TORONTO -- Buoyed by the recent international success of Chinese and Korean films, the possibilities of a pan-Asian film industry are emerging this week at the Toronto International Film Festival.

Korean director Lee Myung-Se brought his film "M," a supernatural love story about a writer who loses his memory and falls in love with a mysterious young girl, to Toronto for a world premiere.

Lee said his next movie, a reworking of a traditional Japanese action movie, will be shot in Japan.

"Even though we have cultural differences and a past, Korean and Japanese filmmakers should be working together," he said Monday night ahead of his first public screening in Toronto.

Giovanna Fulvi, Asian programmer at Toronto, said that indigenous filmmakers across the continent are trying to focus on common themes of ethnicity and identity.

But finding that common Asian filmmaking voice has been hampered, according to Fulvi, by such issues as censorship from Beijing and a downturn for the Korean film industry, which has seen Japan importing fewer of its titles of late.

Azusa Soya, manager of international promotions at UniJapan, said that Japanese producers are more open to making films with Asian partners.

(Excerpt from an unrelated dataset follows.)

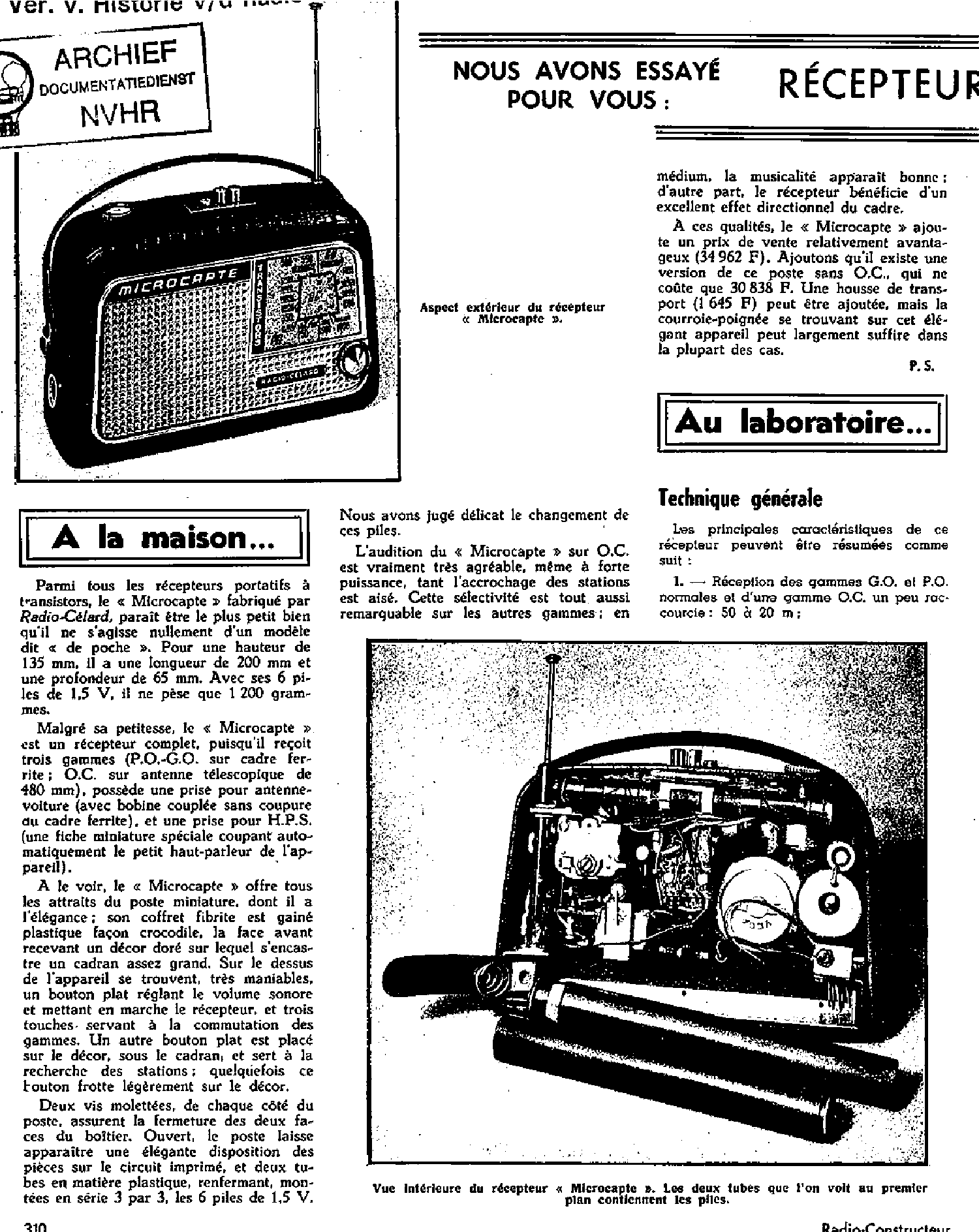 CELARD MICROCAPTE PORTABLE RADIO 1960 SCH service manual (1st page)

"If someone says Japanese movies, people think Manga, or (with) Korea, its sad love stories. But Asian film is more about variety these days, with new directors trying new things," she said.

Soya added that audiences in Korea and Japan recognize each other's pop music and film stars, while producers in both countries have shown a willingness to shoot movies in such exotic locations as Thailand and Vietnam.

Also in Toronto is Iranian director Pourya Azarbayjani, who is premiering his "Unfinished Stories," a portrait of three young women who find themselves alone on the streets of Tehran.

Azarbayjani praised Toronto as a film festival willing to bring ordinary filmgoers out to see his debut feature, which is being sold via international sales agent Sheherazad Media International.

The Toronto International Film Festival continues through Saturday.